Dataset content:
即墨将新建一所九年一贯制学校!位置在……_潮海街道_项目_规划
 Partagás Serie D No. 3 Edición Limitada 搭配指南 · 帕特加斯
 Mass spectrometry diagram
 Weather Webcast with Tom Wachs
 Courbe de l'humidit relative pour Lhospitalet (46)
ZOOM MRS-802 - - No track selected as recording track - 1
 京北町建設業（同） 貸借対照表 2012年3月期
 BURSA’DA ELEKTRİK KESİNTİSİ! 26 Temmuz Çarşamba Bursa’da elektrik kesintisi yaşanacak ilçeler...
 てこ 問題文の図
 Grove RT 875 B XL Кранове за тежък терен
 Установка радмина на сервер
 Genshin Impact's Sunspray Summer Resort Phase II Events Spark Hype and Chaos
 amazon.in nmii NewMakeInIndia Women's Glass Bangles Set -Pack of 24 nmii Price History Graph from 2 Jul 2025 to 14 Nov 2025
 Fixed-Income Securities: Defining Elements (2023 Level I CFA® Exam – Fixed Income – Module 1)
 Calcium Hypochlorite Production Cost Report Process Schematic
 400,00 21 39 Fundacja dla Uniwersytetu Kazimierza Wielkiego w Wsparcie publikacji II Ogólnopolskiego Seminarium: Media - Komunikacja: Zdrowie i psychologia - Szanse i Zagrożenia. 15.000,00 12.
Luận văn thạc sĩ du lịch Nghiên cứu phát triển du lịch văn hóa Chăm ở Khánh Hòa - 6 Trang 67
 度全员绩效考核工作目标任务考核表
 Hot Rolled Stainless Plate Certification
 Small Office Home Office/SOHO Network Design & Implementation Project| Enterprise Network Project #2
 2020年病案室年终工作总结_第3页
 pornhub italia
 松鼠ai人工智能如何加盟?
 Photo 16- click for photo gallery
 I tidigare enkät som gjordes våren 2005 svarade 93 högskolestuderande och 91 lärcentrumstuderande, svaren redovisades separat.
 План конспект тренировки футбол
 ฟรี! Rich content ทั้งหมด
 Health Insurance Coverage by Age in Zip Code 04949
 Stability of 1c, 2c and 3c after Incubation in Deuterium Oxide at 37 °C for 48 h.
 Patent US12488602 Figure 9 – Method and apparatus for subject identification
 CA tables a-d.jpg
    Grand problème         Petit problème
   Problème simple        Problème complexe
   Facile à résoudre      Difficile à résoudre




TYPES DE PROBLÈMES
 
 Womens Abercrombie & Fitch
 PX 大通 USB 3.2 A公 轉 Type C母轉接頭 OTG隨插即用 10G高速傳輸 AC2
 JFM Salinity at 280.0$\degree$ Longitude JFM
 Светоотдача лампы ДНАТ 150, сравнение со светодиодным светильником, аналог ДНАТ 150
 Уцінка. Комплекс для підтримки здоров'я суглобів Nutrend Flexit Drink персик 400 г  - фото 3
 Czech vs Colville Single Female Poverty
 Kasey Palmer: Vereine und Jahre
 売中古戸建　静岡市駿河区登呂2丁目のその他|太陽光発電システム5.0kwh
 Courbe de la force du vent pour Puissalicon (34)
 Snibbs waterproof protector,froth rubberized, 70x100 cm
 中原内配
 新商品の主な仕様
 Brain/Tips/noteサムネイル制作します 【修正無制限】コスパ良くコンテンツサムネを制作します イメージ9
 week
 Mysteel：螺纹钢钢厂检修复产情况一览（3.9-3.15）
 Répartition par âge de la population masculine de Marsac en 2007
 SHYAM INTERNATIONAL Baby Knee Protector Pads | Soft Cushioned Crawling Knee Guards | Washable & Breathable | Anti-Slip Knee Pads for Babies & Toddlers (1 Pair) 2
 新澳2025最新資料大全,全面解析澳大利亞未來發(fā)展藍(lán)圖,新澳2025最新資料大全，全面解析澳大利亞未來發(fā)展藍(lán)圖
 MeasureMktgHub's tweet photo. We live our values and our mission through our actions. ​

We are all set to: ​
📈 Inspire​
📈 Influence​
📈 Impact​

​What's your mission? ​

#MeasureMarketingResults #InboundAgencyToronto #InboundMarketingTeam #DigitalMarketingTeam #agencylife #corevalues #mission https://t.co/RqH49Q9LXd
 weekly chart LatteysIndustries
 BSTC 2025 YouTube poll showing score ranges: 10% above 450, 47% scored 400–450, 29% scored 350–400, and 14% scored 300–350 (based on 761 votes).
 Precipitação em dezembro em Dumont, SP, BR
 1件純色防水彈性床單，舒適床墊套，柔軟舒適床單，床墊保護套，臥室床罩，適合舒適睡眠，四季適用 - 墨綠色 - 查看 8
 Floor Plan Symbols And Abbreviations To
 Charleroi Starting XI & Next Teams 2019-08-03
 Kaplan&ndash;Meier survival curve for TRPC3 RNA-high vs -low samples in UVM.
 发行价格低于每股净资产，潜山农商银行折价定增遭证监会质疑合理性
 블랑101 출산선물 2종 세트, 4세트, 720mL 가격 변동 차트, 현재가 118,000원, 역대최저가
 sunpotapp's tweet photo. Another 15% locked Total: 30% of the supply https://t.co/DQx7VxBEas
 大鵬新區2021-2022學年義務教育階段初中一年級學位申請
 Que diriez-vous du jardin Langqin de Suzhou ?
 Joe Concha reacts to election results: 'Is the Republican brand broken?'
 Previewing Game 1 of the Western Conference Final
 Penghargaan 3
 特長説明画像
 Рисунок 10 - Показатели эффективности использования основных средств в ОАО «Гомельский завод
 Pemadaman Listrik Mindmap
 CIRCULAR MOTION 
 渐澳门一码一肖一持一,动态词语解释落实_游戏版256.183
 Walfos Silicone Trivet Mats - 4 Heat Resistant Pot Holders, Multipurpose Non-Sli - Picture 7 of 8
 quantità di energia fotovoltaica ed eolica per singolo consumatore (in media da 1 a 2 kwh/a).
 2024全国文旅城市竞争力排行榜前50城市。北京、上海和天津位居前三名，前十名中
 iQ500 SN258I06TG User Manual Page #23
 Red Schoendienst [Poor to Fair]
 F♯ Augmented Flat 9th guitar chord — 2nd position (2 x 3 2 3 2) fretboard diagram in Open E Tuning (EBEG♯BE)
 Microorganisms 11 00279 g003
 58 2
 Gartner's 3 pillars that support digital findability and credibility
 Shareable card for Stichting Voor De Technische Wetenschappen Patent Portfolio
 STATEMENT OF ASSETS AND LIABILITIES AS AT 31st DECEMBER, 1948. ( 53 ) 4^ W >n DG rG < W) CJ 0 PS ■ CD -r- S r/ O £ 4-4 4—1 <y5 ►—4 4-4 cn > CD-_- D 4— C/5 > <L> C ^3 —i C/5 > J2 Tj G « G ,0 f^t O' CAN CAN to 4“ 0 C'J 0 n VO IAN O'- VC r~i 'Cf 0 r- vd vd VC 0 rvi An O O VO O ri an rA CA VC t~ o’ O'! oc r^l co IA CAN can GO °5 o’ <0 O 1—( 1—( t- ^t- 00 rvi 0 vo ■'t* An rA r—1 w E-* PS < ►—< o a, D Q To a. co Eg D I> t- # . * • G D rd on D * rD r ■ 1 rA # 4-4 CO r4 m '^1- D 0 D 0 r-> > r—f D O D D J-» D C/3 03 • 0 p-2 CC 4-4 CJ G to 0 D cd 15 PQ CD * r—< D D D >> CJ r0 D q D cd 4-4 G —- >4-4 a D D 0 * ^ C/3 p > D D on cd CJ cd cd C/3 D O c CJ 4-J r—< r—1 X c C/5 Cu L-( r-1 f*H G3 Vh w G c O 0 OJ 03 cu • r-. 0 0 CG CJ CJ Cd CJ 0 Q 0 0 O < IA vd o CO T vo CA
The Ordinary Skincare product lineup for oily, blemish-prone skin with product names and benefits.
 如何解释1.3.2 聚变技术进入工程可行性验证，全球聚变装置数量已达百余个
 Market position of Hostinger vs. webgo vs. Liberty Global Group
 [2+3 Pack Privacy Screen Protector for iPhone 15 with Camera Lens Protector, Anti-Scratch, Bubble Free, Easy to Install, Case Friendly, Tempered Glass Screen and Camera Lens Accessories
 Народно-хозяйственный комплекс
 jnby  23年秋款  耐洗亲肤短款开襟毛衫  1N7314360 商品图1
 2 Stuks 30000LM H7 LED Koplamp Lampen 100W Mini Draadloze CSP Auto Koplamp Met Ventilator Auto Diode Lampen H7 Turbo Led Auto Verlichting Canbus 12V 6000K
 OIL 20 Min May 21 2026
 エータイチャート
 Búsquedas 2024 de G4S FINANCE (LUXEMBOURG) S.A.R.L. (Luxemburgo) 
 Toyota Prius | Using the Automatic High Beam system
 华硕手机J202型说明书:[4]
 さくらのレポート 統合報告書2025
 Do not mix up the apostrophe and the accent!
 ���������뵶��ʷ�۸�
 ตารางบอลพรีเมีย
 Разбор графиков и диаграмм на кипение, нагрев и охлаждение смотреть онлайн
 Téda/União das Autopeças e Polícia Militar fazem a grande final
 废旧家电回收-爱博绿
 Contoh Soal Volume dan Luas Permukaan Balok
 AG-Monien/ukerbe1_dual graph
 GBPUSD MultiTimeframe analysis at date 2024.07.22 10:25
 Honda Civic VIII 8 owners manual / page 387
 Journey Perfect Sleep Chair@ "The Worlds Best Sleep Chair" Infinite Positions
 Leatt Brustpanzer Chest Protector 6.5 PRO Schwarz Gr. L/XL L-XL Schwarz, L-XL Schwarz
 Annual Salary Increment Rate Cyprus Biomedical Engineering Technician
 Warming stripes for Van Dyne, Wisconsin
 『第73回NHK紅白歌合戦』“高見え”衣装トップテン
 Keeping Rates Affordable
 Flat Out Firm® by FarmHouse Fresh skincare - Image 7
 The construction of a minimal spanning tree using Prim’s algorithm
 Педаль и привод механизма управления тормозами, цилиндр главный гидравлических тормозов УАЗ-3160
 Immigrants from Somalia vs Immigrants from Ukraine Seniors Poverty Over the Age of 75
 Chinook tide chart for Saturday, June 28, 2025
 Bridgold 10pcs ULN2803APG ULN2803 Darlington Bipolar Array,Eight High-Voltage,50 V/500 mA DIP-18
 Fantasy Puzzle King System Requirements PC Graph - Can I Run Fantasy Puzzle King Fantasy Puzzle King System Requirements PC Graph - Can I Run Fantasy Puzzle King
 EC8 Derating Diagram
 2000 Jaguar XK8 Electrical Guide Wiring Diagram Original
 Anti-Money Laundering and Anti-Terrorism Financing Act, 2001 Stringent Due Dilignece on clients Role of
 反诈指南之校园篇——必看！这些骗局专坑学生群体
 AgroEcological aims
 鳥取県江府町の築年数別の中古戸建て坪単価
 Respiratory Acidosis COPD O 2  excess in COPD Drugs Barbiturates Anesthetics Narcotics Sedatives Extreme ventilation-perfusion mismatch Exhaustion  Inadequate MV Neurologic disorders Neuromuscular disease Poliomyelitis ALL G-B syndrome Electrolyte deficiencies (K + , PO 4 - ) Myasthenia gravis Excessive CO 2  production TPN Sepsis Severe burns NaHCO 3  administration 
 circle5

Prompt: Return exactly the opening lines of the listing above, ending with the line that has "Photo 16- click for photo gallery".

Problem solution:
即墨将新建一所九年一贯制学校!位置在……_潮海街道_项目_规划
 Partagás Serie D No. 3 Edición Limitada 搭配指南 · 帕特加斯
 Mass spectrometry diagram
 Weather Webcast with Tom Wachs
 Courbe de l'humidit relative pour Lhospitalet (46)
ZOOM MRS-802 - - No track selected as recording track - 1
 京北町建設業（同） 貸借対照表 2012年3月期
 BURSA’DA ELEKTRİK KESİNTİSİ! 26 Temmuz Çarşamba Bursa’da elektrik kesintisi yaşanacak ilçeler...
 てこ 問題文の図
 Grove RT 875 B XL Кранове за тежък терен
 Установка радмина на сервер
 Genshin Impact's Sunspray Summer Resort Phase II Events Spark Hype and Chaos
 amazon.in nmii NewMakeInIndia Women's Glass Bangles Set -Pack of 24 nmii Price History Graph from 2 Jul 2025 to 14 Nov 2025
 Fixed-Income Securities: Defining Elements (2023 Level I CFA® Exam – Fixed Income – Module 1)
 Calcium Hypochlorite Production Cost Report Process Schematic
 400,00 21 39 Fundacja dla Uniwersytetu Kazimierza Wielkiego w Wsparcie publikacji II Ogólnopolskiego Seminarium: Media - Komunikacja: Zdrowie i psychologia - Szanse i Zagrożenia. 15.000,00 12.
Luận văn thạc sĩ du lịch Nghiên cứu phát triển du lịch văn hóa Chăm ở Khánh Hòa - 6 Trang 67
 度全员绩效考核工作目标任务考核表
 Hot Rolled Stainless Plate Certification
 Small Office Home Office/SOHO Network Design & Implementation Project| Enterprise Network Project #2
 2020年病案室年终工作总结_第3页
 pornhub italia
 松鼠ai人工智能如何加盟?
 Photo 16- click for photo gallery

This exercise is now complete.